## What this task involves
Please repeat exactly the lines from the one containing "800x555 Batwings By" through the last line of the records below, leaving out any pictures.

## Data for review

◆ ◆ ◆

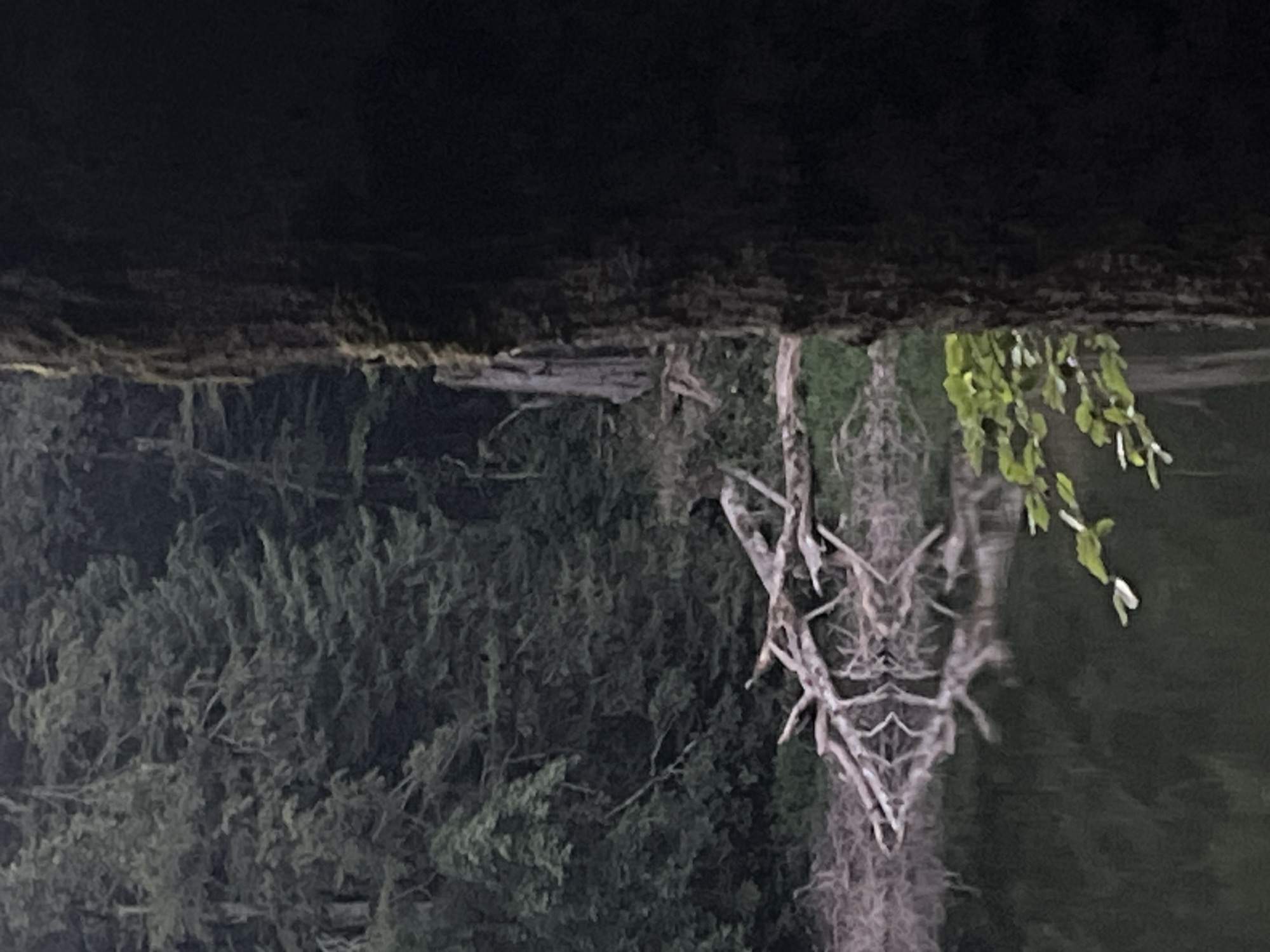 The image depicts a natural scene of a forest with a body of water in the foreground. On the left side of the image, dense evergreen trees form the backdrop of a tranquil forest. In the middle ground, a tangle of dead branches and logs lies partially submerged in the dark water. The branches are stark white against the dark water and green foliage, suggesting they have been there for some time. On the right side of the image, a large, dark tree trunk is prominently featured, its rough bark textured and partially covered in moss. The trunk is so close to the camera that it fills a significant portion of the right frame, creating a sense of depth and immersion into the forest environment. A few bright green leaves are visible in the lower right quadrant, adding a touch of vibrant color to the otherwise muted palette. The water reflects the surrounding trees and branches, creating a blurred, almost ethereal impression. The overall atmosphere is one of peaceful, undisturbed nature, with hints of decay and regeneration evident in the fallen branches and lush greenery. The location in Sjerogošte, Montenegro, suggests a mountainous or hilly terrain, common for such dense forests.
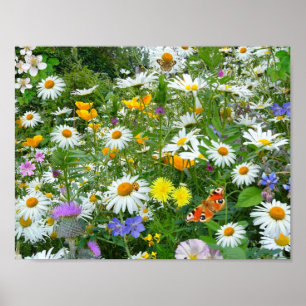 Härlig vildblomma- och fjärilsäng poster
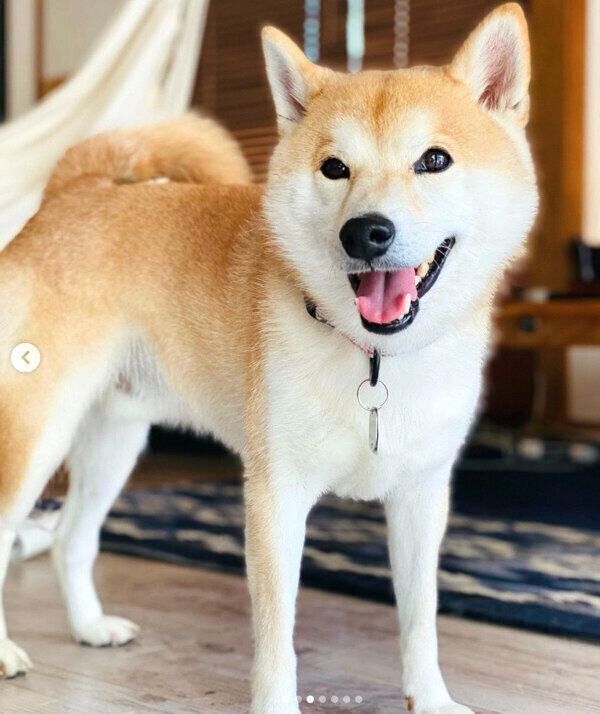 笑顔のなぎまるくん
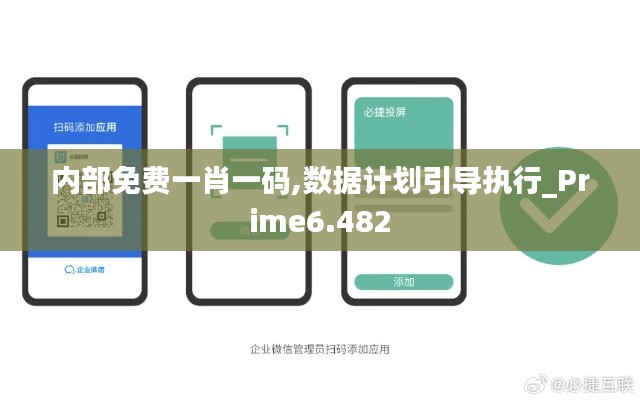 内部免费一肖一码,数据计划引导执行_Prime6.482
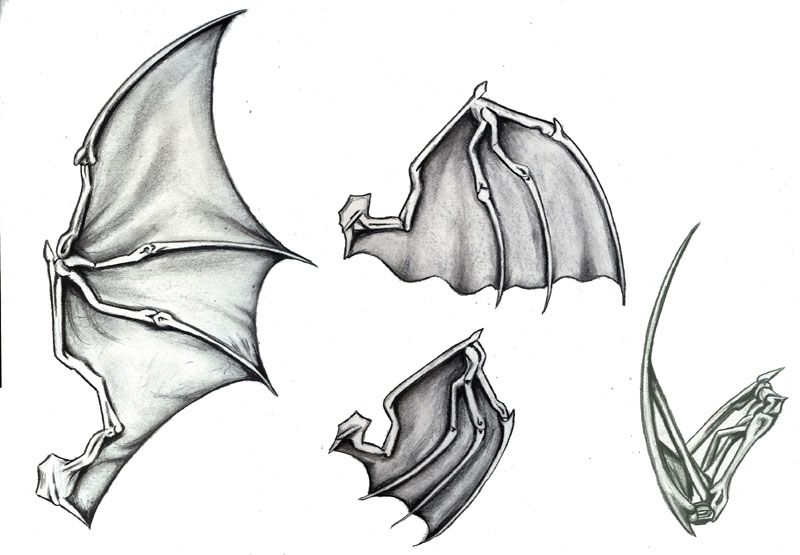 800x555 Batwings By Daylightdreams Tattoos Wings, Tattoos - Bat Wing Sketch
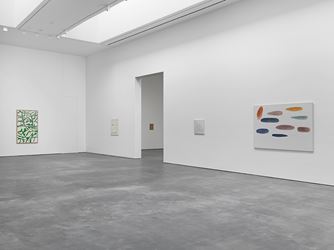 Exhibition view: Raoul De Keyser, Drift, David Zwirner, New York (18 March–23 April 2016). Courtesy David Zwirner, New York.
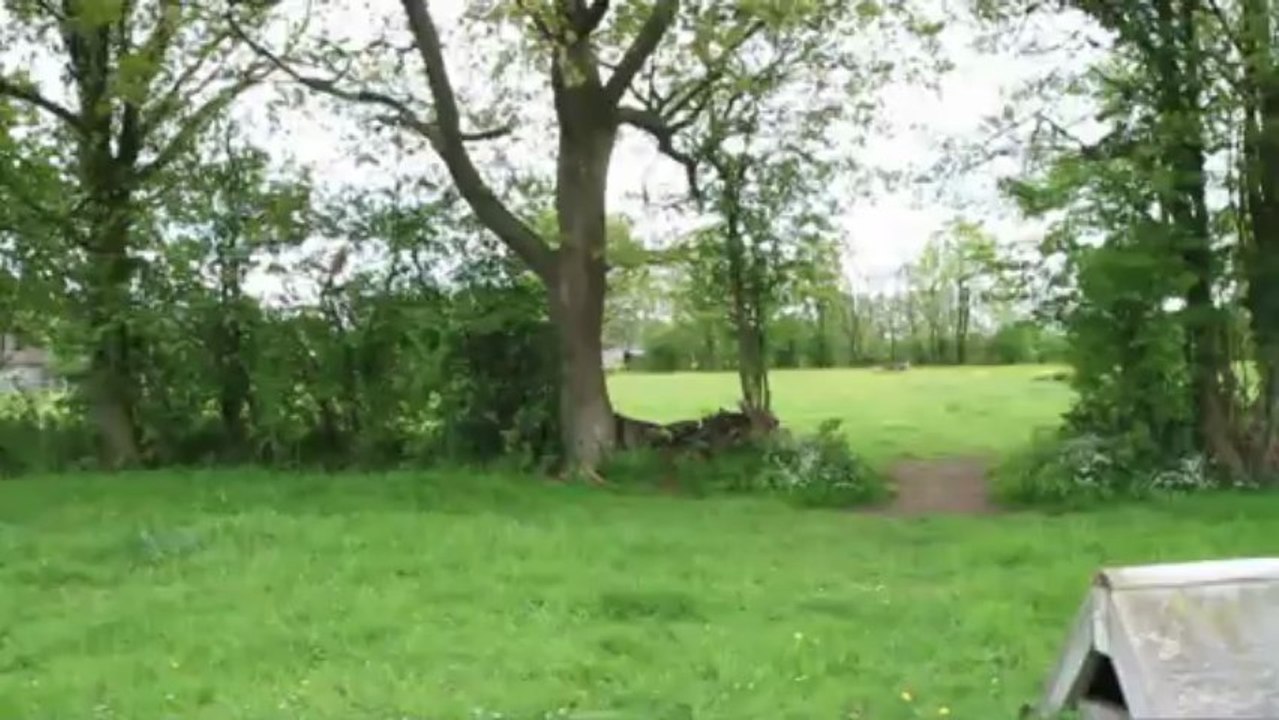 CrossJessUmour02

◆ ◆ ◆

## Reply to the task
 800x555 Batwings By Daylightdreams Tattoos Wings, Tattoos - Bat Wing Sketch
 Exhibition view: Raoul De Keyser, Drift, David Zwirner, New York (18 March–23 April 2016). Courtesy David Zwirner, New York.
 CrossJessUmour02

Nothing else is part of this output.